In most Association documents, and it sounds like PT's are the same, the obiligation to pay is absolute. In theory the Association wouldn't even have to send out bills just post the fees and the owners are obiligated to pay them. It is not the responsibility of the resort to know if your address has changed or if the unit was sold. They make the best effort to get the bills out and set a deadline for payment. As long as that deadline is fairly enforced - ie it applies equally to all - they are on very solid ground.

I always have to smile when I hear that people are "only" 15 or even 1 day late therefore the fee should be waived. Would your bank credit card waive it? The Association is a business and they need to act like one. If one owner gets a 15 day additional grace period then ALL owners should get that benefit and effectively the actual due date just moved 15 days later in the process.
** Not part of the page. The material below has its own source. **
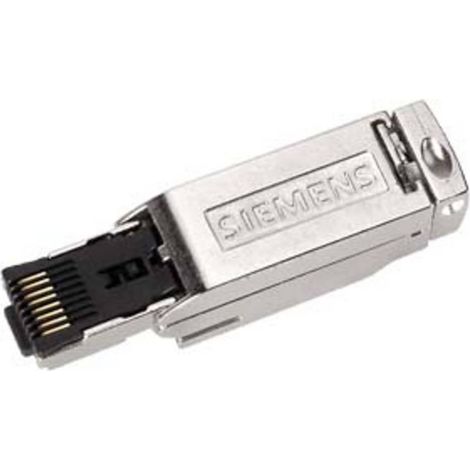 [NEUWERTIG] B-Ware Siemens 6 Gk1901 1 Bb11 2 Ab0 Steckverbinder Datentechnik Siehe Text/Foto
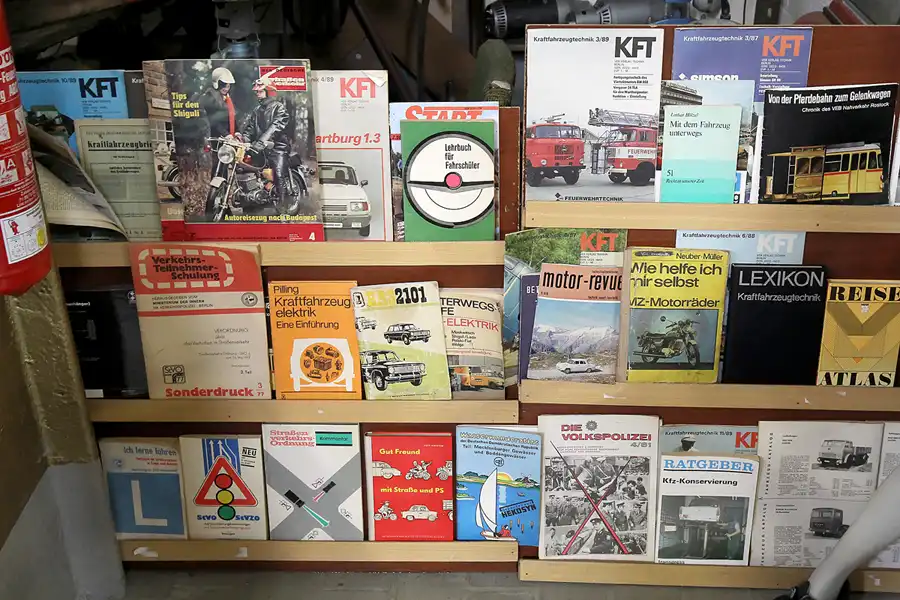 051 | 2016 | Tutow | DDR-Museum Tutow | © carsten riede fotografie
As tough as it is the best response is exactly what the HOA President has said. The date is set in stone and anyone who misses gets charged the fees. Those fees cover the extra work involved in handling late payments. Why should the majority of owners who paid on time have to foot those costs?
John,

I don't think too many timeshare owners would agree with your position...

If my credit card company sends me a bill on 1/13 and says the payment date is 1/01, do you really think that would hold up?

IMO, Polo Towers had the obligation to get new information into their computer system as soon as possible. Sending out a bill after the fact is a joke.

By the way, most credit card companies will waive a late fee one time . Since this isn't just an owner trying to come up with a lame excuse for a late payment, Polo towers should be waiving it..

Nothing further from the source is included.